■ **WHAT IS REQUIRED**: Beneath this instruction is a block of data; output from it exactly the lines that run from the one containing "BMW 120 120d M-Sport Sedan" through the one containing "9336 SE 152nd Place Summerfield FL 34491", inclusive.

-------- PROVIDED RECORDS --------

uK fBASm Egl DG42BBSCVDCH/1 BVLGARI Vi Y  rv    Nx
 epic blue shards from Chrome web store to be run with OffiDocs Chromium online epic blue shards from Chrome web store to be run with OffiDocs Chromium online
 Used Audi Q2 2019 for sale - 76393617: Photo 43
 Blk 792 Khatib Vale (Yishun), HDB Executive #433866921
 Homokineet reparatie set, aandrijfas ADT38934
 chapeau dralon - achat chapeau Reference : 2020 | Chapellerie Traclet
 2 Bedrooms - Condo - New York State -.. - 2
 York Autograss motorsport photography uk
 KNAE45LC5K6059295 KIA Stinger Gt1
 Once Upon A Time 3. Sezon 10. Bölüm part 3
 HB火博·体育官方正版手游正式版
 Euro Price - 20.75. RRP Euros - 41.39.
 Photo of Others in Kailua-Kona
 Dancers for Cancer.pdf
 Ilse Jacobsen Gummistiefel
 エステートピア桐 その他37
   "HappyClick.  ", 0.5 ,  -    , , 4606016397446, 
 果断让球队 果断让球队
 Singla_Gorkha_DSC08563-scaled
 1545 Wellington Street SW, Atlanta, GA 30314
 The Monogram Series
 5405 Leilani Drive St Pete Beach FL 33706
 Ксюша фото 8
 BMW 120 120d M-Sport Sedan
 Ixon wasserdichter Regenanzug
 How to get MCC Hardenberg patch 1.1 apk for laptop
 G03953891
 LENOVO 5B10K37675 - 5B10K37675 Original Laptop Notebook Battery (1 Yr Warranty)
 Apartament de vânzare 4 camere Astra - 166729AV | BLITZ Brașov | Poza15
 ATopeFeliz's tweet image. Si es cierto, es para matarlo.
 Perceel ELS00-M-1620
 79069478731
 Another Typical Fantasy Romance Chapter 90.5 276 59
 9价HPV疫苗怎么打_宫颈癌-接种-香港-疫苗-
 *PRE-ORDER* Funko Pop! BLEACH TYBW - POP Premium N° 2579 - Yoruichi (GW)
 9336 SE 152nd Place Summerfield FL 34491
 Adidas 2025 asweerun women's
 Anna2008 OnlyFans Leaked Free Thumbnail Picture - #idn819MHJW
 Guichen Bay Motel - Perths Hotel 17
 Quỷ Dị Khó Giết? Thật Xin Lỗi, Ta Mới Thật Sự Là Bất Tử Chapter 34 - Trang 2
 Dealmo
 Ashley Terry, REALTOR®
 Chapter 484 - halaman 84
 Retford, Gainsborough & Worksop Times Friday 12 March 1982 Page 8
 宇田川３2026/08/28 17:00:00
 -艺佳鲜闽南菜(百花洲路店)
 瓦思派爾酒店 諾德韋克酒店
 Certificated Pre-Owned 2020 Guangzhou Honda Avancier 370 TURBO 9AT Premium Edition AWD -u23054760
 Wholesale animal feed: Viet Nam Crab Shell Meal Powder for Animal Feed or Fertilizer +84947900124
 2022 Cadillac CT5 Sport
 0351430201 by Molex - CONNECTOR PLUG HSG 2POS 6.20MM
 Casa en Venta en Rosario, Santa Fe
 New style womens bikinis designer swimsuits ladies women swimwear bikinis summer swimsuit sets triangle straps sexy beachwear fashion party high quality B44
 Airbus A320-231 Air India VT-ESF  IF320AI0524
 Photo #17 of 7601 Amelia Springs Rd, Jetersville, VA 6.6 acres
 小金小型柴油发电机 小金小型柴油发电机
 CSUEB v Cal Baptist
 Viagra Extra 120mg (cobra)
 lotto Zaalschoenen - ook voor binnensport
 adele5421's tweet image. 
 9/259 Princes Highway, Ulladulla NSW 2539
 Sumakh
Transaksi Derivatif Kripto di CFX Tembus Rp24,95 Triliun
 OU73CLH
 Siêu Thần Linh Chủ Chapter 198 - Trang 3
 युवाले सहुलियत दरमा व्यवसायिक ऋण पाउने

--------

■ **RESPONSE TO THE EXERCISE**:
 BMW 120 120d M-Sport Sedan
 Ixon wasserdichter Regenanzug
 How to get MCC Hardenberg patch 1.1 apk for laptop
 G03953891
 LENOVO 5B10K37675 - 5B10K37675 Original Laptop Notebook Battery (1 Yr Warranty)
 Apartament de vânzare 4 camere Astra - 166729AV | BLITZ Brașov | Poza15
 ATopeFeliz's tweet image. Si es cierto, es para matarlo.
 Perceel ELS00-M-1620
 79069478731
 Another Typical Fantasy Romance Chapter 90.5 276 59
 9价HPV疫苗怎么打_宫颈癌-接种-香港-疫苗-
 *PRE-ORDER* Funko Pop! BLEACH TYBW - POP Premium N° 2579 - Yoruichi (GW)
 9336 SE 152nd Place Summerfield FL 34491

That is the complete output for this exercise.